The de Broglie-Bohm interpretation of quantum mechanics [1, 2] has played and still plays an important role in our understanding of quantum mechanics. Not that one should necessarily endorse the ontological package and mechanisms put forward by the Bohmian model as describing the “real” behavior of quantum systems. The strength of the Bohmian model lies, in our view, elsewhere: by proposing an account of dynamical processes for which the orthodox interpretation tells us we should give up any attempt to explain them, the de Broglie-Bohm interpretation improves our understanding and our intuition of quantum phenomena.

However, this situation holds for non-relativistic quantum mechanics based on the Schrödinger equation. In the relativistic domain, the Bohmian model suffers from several difficulties. In particular, it seems impossible, to define trajectories for spin-0 bosons described by the Klein-Gordon equation (see Ch. 11 of Ref. [3]). Obviously, one might expect that in the high-energy regimes in which particles can be created or destroyed, the usual Bohmian framework based on continuous trajectories would need to be replaced by a different picture based on quantum field theory. But it might appear surprising that even in low energy regimes, it is not possible to give a de Broglie-Bohm trajectory description of a spin-0 particle propagating in free space.

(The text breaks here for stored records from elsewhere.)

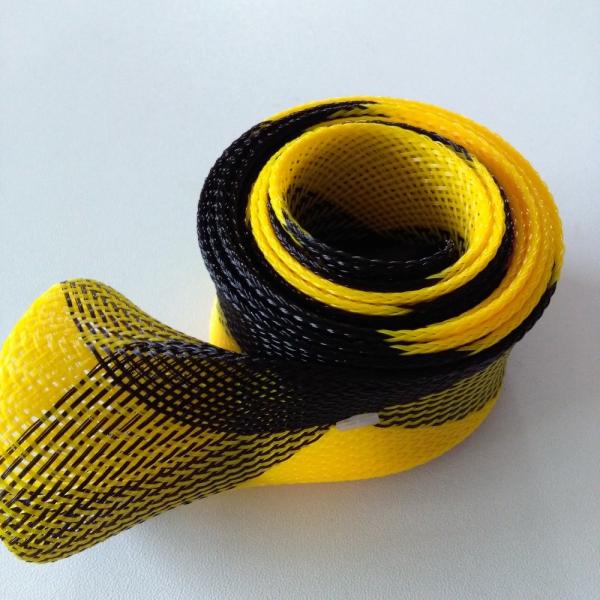 O saco flexível da proteção das tampas da luva da vara de pesca do nylon 40mm golpeia GV ROHS Cetificated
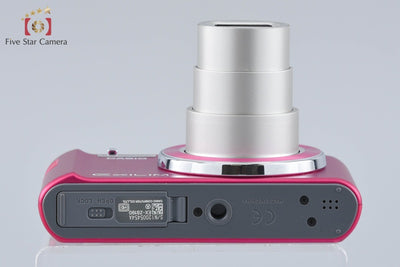 [Used] Casio EXILIM EX-ZS190 Pink Compact Digital Camera with Original Box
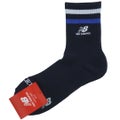 ニューバランス new balance メンズ 抗菌防臭 ミドルソックス (MENS) NJMG657F ブラック 詳細3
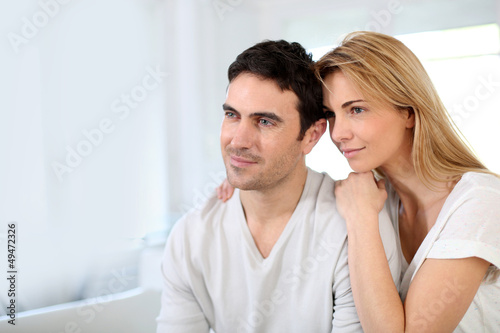 35-year-old couple looking toward their future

The aim of this work is to examine the underlying reasons for the breakdown of the Bohmian model for systems obeying the Klein Gordon equation, point out how the problems can be repaired, and effectively introduce Bohmian trajectories from a newly defined Klein-Gordon current. In a nutshell, our view is that in relativistic quantum mechanics, a quantum state intrinsically superposes particles and anti-particles. In particular, causality only holds if the time evolution operator includes the propagator for the particle and anti-particle sectors. So a generic state describing a particle (with a positive density everywhere) will develop anti-particle components, and the density will become negative in some spatial regions. This leads to superluminal velocities and closed loops in space-time [4], a feature that is deemed "inconsistent" (see Sec. 10.4 of Ref. [3], or [5]) with the guidance formula at the basis of the Bohmian model. This is why in the past some radical solutions have been proposed, such as restricting the set of admissible states to those that lead to positive only densities [6], or employing the absolute value of the density in order to define trajectories [7]. The first solution does not work, as remarked by Bell (see footnote in [6]), while the second one still leads to superluminal velocities for the Bohmian particle. Other approaches have also been suggested [8,9,10,11].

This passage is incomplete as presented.